- [Stored data]
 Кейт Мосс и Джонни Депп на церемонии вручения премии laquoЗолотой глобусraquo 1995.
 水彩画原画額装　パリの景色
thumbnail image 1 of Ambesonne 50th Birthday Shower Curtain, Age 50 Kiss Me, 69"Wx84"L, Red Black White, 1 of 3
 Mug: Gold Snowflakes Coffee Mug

--

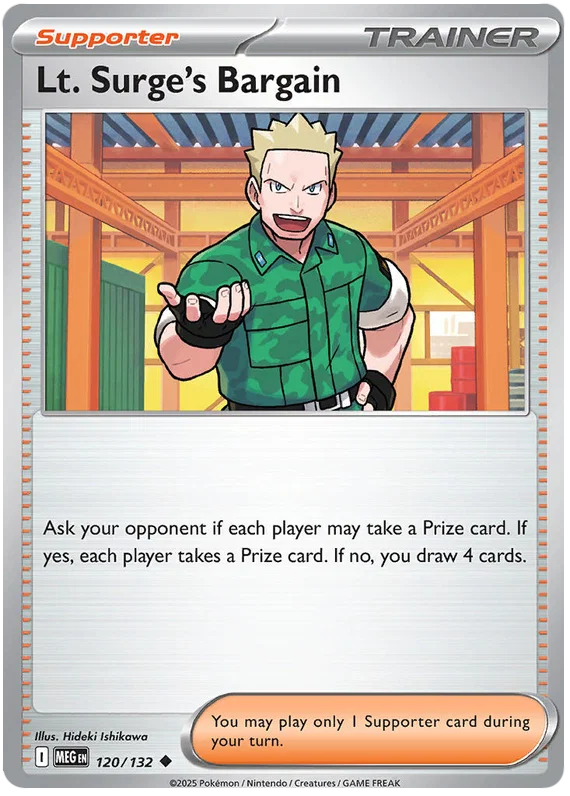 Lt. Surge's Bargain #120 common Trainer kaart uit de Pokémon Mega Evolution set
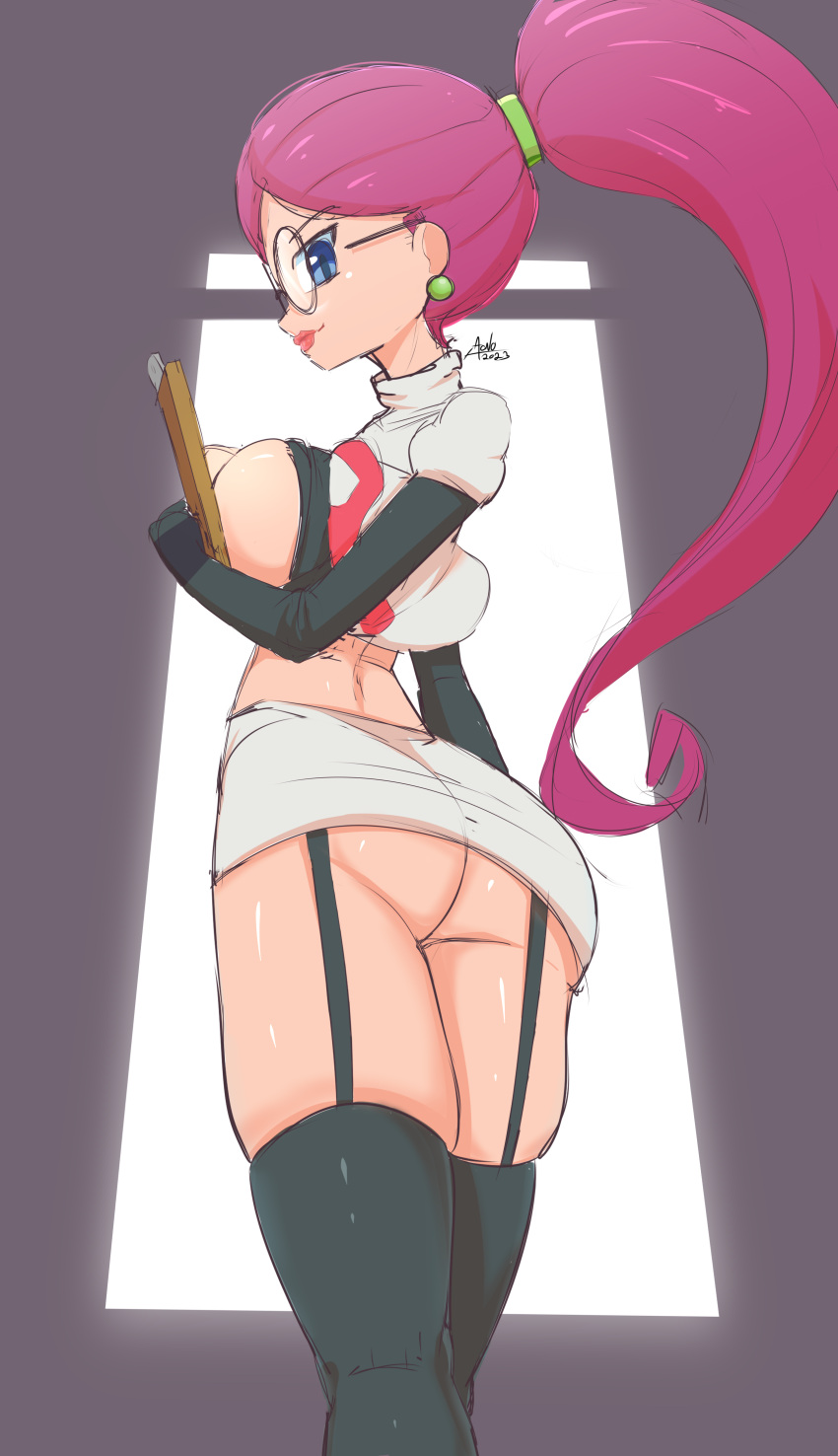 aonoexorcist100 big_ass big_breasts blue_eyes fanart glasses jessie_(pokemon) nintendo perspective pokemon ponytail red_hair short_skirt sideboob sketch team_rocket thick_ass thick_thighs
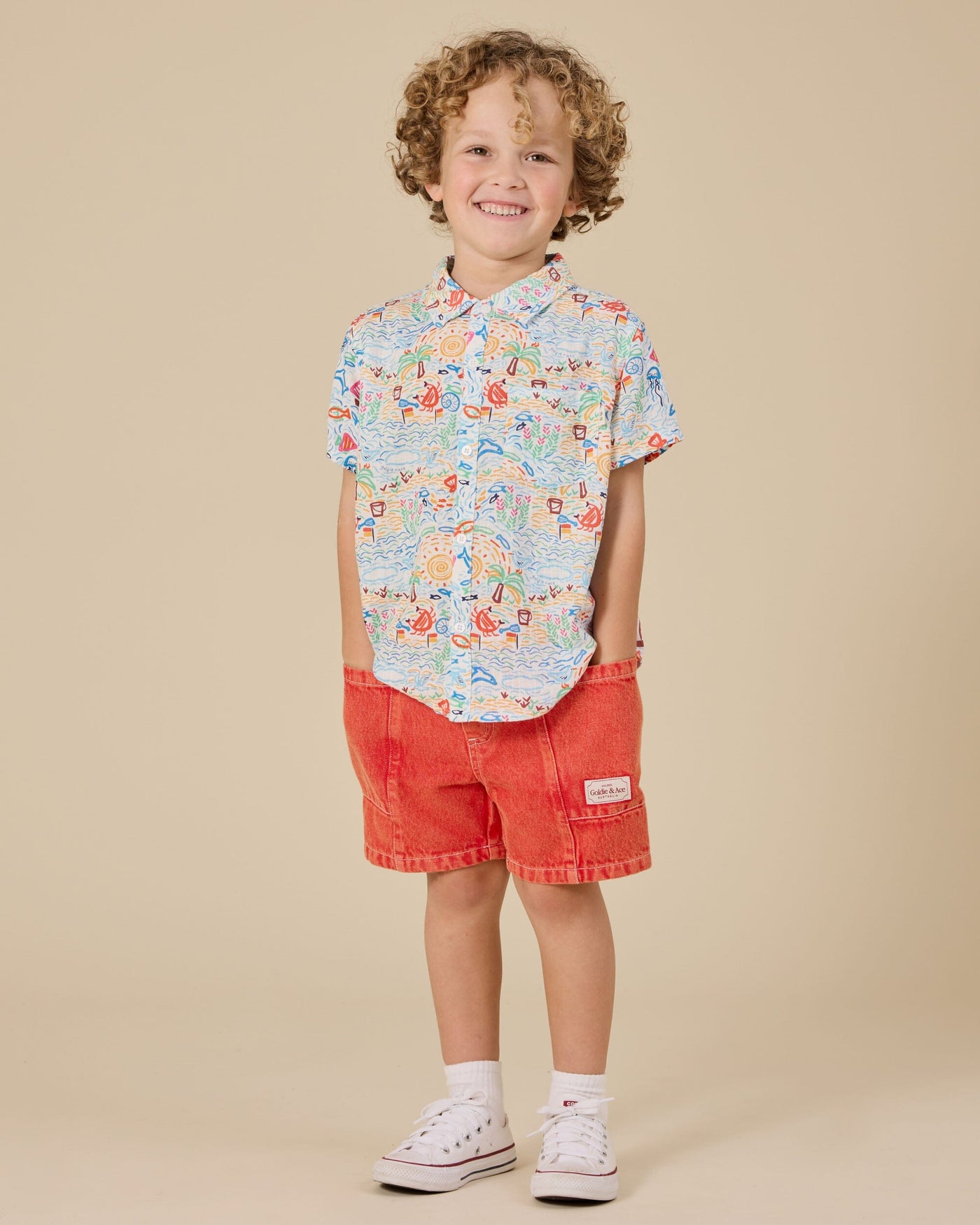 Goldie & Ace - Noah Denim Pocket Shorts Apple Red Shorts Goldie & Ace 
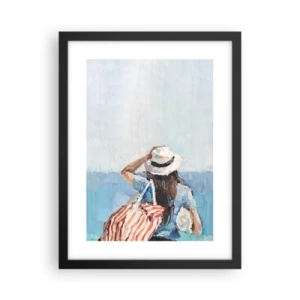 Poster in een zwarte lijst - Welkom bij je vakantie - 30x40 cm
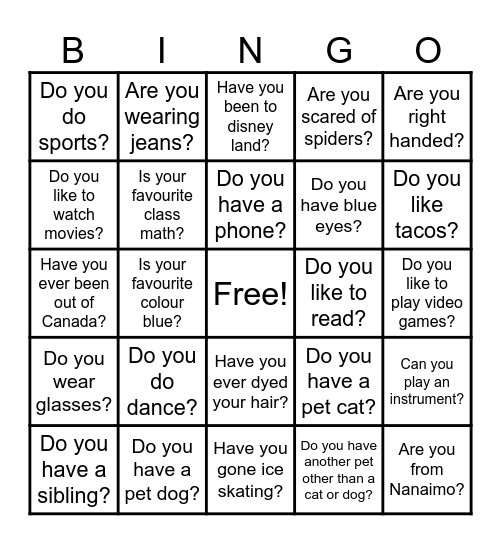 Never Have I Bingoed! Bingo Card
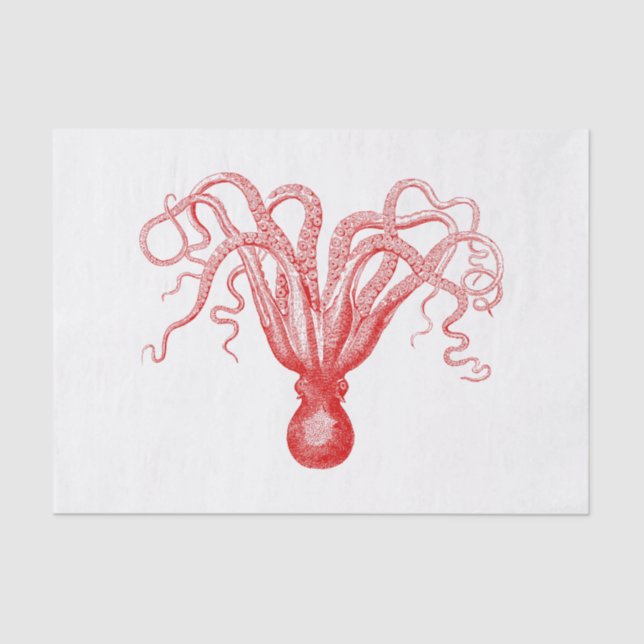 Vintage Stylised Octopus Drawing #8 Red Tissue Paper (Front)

--

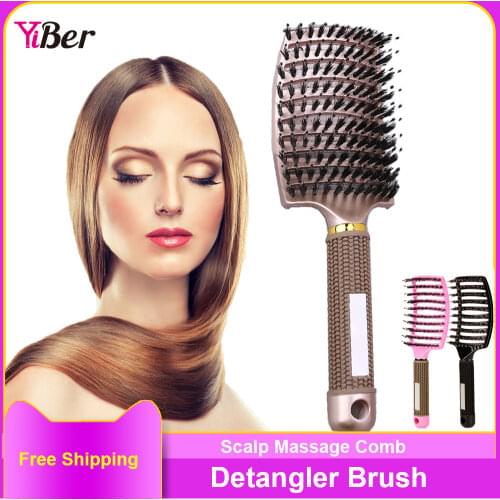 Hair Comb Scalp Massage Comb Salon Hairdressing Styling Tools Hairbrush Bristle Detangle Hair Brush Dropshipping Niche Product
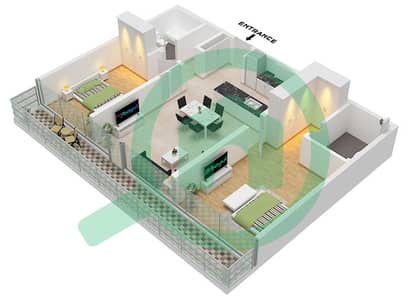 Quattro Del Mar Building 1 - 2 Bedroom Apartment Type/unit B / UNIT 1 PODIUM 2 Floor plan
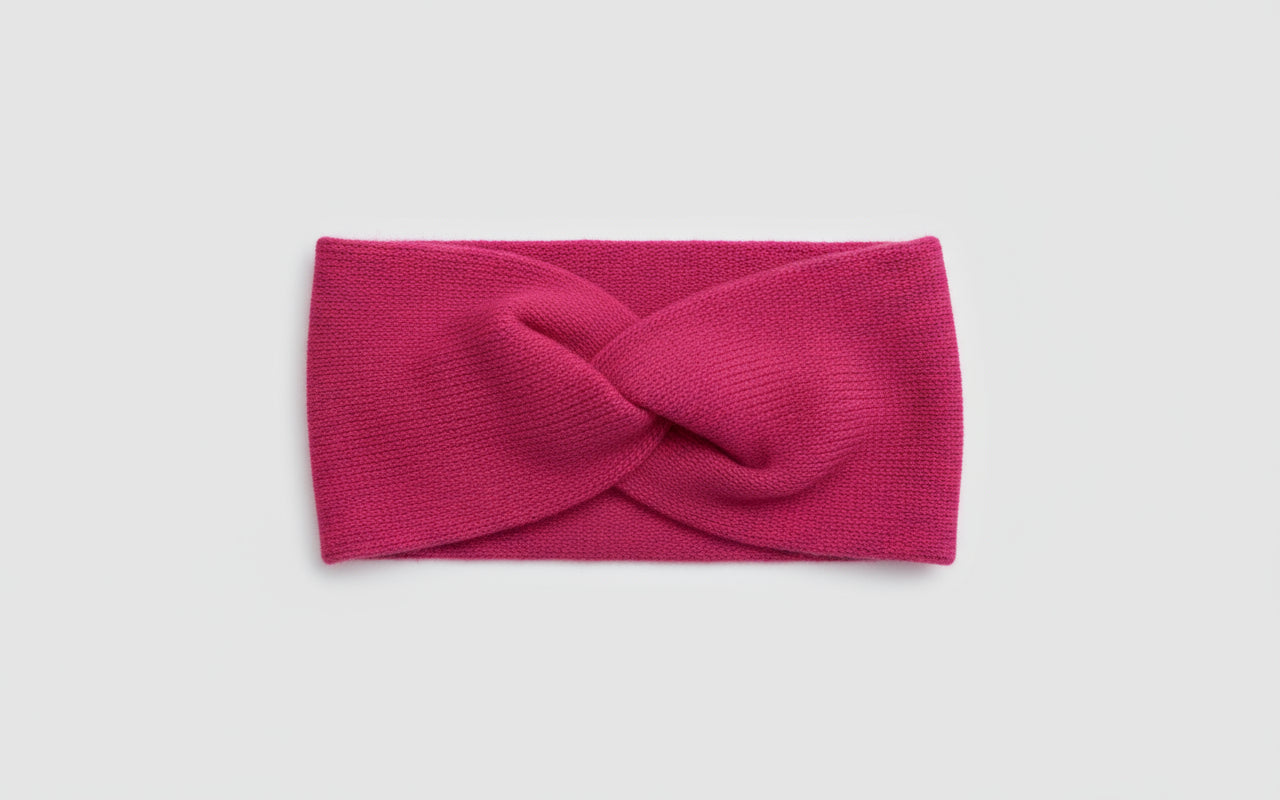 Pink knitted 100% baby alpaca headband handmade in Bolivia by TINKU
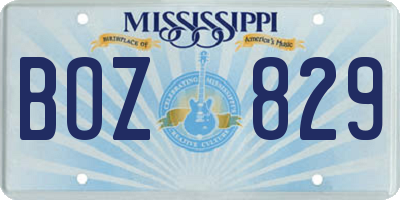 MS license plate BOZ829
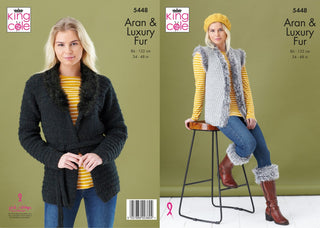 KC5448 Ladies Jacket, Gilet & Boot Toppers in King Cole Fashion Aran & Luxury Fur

- [Assigned task]
Return a word-for-word copy of the lines above from the one holding "水彩画原画額装　パリの景色" through the one holding "Mug: Gold Snowflakes Coffee Mug", with both of them included and nothing besides.

- [Answer to the exercise]
 水彩画原画額装　パリの景色
thumbnail image 1 of Ambesonne 50th Birthday Shower Curtain, Age 50 Kiss Me, 69"Wx84"L, Red Black White, 1 of 3
 Mug: Gold Snowflakes Coffee Mug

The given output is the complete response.